§ Supplied records:
((
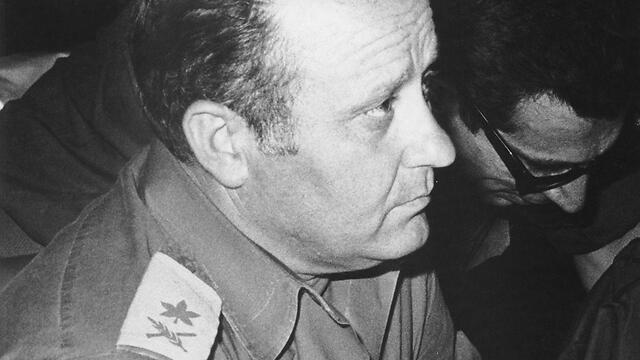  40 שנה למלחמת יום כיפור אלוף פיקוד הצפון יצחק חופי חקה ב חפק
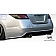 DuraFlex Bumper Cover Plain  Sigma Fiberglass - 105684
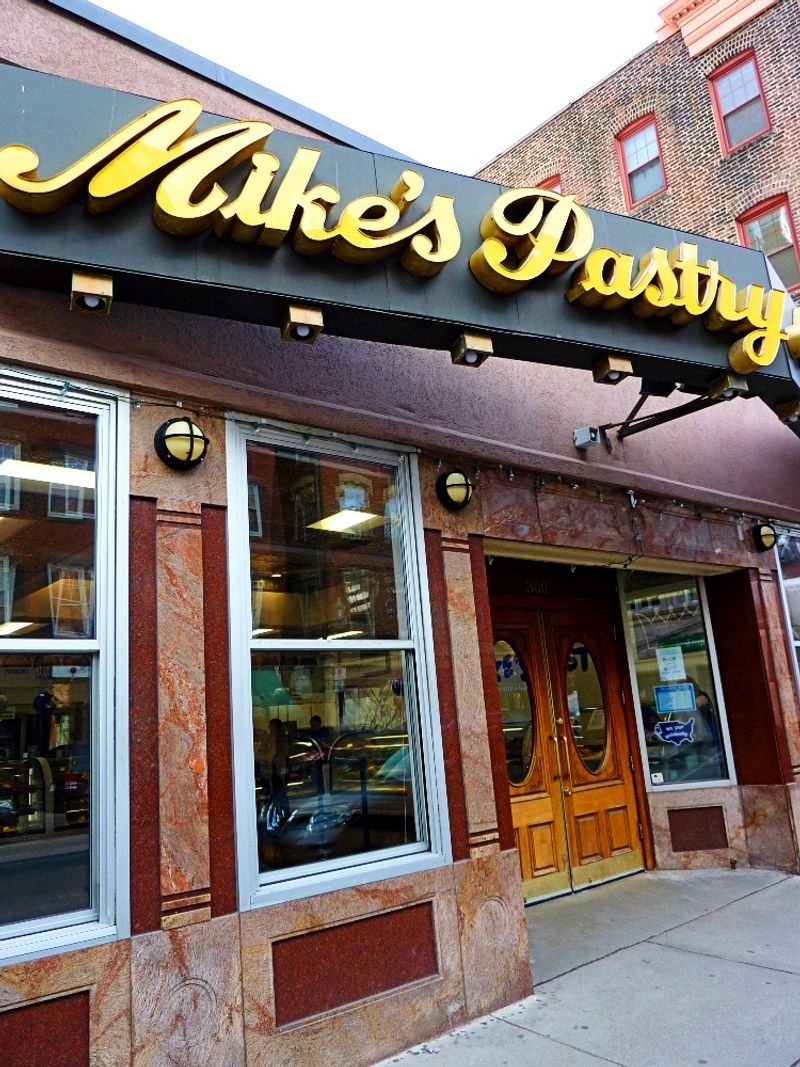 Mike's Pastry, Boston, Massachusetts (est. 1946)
))
((
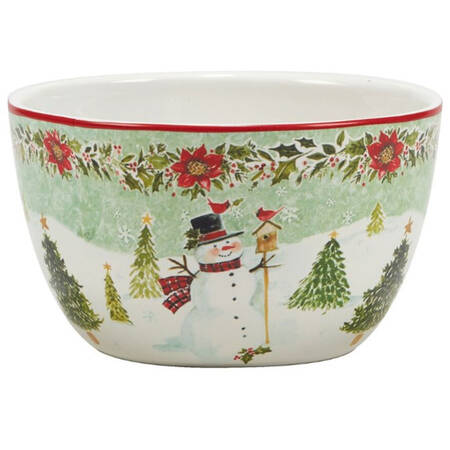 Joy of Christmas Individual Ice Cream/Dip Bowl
))
§ What to produce:
Print, word for word, the lines above that run from the line containing "40 שנה למלחמת" to the line containing "Mike's Pastry, Boston, Massachusetts", both included. Keep the pictures out.

§ Answer area:
  40 שנה למלחמת יום כיפור אלוף פיקוד הצפון יצחק חופי חקה ב חפק
 DuraFlex Bumper Cover Plain  Sigma Fiberglass - 105684
 Mike's Pastry, Boston, Massachusetts (est. 1946)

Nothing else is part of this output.